## ASSIGNED TASK:
Pictures must not appear in the copy. Set down exactly the line with "Сериал Тульский Токарев (2010)" and each line after it through the end of the data below.

## PROVIDED MATERIAL:

== Segment start ==

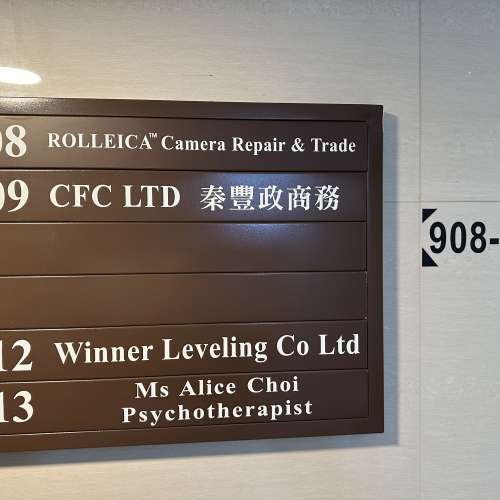 祿徠客™工作室 Rolleica™ Camera Repair & Trade  維修徠卡Leica 、祿來雙鏡Roll...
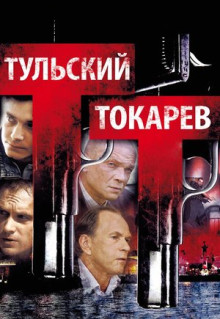 Сериал Тульский Токарев (2010)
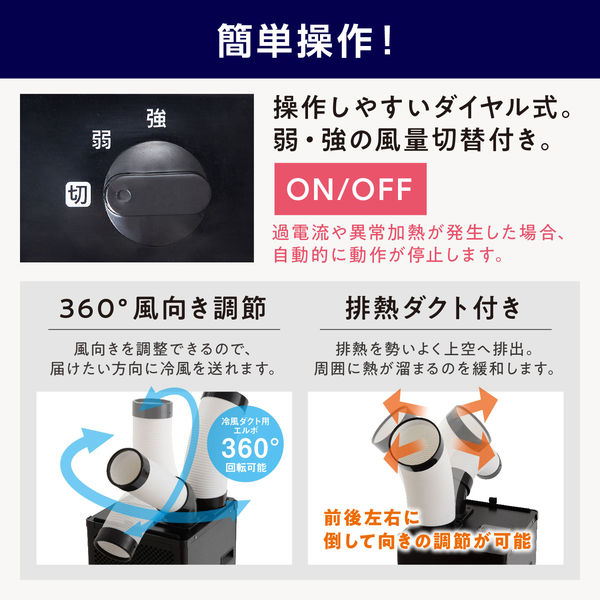 設置サービス付】アイリスオーヤマ スポットクーラー ISAC-1201-B 1台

== Segment end ==

## TASK RESULT:
 Сериал Тульский Токарев (2010)
 設置サービス付】アイリスオーヤマ スポットクーラー ISAC-1201-B 1台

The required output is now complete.